Luzerne County's tax base has decreased $56 million – about a third of a percentage point -- since June, according to a new snapshot reading by the county assessor's office.
This certification analysis, completed three times a year, shows the assessment of taxable property went from $19.856 billion on June 12 to $19.8 billion on Nov. 9.
The decline stems from reductions granted to property owners who appealed their assessments, said county Assessment Director Tony Alu. The reductions were not offset by new construction, he said.
One of the largest single reductions -- $13 million -- was for the Wyoming Valley Mall in Wilkes-Barre Township.
The property, owned by PR Wyoming Valley Limited Partnership, obtained a new assessment of $76.1 million through mediation in July, records show. The change means the mall will pay $1.68 million in property taxes under current millage rates, or $287,320 less.
Alu said roughly 2,000 property owners appeared before the county assessment appeal board this year, or twice the typical 1,000.
Some of the appeals involved flood damage from September 2011, though Alu believes most challengers were motivated to take the time to contest their values because of the struggling economy.
Other counties are also noticing appeals have been up, Alu said.
When warranted, the county assessor's office presents evidence showing why reductions should not be granted, he said.
Our office tries to defend the values as best as it can, but people have a right to present their cases, Alu said. If property owners have a valid argument, we want them to appeal and get it straightened out.
The $56 million equates to about $300,000 in lost revenue for county government at the current millage rate.
County Manager Robert Lawton said the administration will adjust expenses if necessary.
In the context of $98 million in current and prior-year tax receipts budgeted for 2013, a variance of three-tenths of 1 percent does not appear sufficient to imperil the budget, Lawton said.
While the tax base declined countywide, the situation varied in each of the 76 municipalities.
Sixteen municipalities experienced assessment growth, while 54 lost value.
Six municipalities stayed the same during the five-month period: Jeddo, Luzerne, Sugar Notch, Bear Creek Village and Franklin and Wright townships.
Only two of the 16 growing municipalities had assessment increases of more than 1 percent – Buck and Hazle townships, with 1.2 percent each.
The other municipalities with gains: Ashley, Duryea, Freeland, Hughestown, Warrior Run, Wilkes-Barre and eight townships – Dallas, Dorrance, Dennison, Jenkins, Nescopeck, Newport, Rice and Sugarloaf.
The largest assessment percentage decline – 11.1 percent – was in Laurel Run.
The following percentage reductions of more than 1 percent occurred in these municipalities: Yatesville, 5.3; Shickshinny, 4.1; Wilkes-Barre Township, 3.4; Fairmount Township, 3; West Pittston, 2.5; and New Columbus, 1.4.
Shickshinny and West Pittston were hit hard by 2011 flooding.

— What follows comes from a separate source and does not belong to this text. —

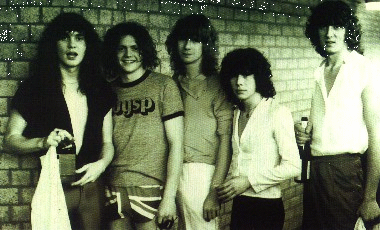 dl1982.gif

While Pittston, Nanticoke and Hazleton lost assessed value, the fourth city – Wilkes-Barre – gained 0.6 percent, or $8.7 million.
Wilkes-Barre's tax base is now $1.4 billion, the highest of the 76 municipalities.
Hazle Township, which ranks second, picked up $16 million in new property, for a new total assessment of $1.3 billion. Township officials expect to capture the top slot in coming years because the municipality has plenty of acreage available for industrial and commercial development.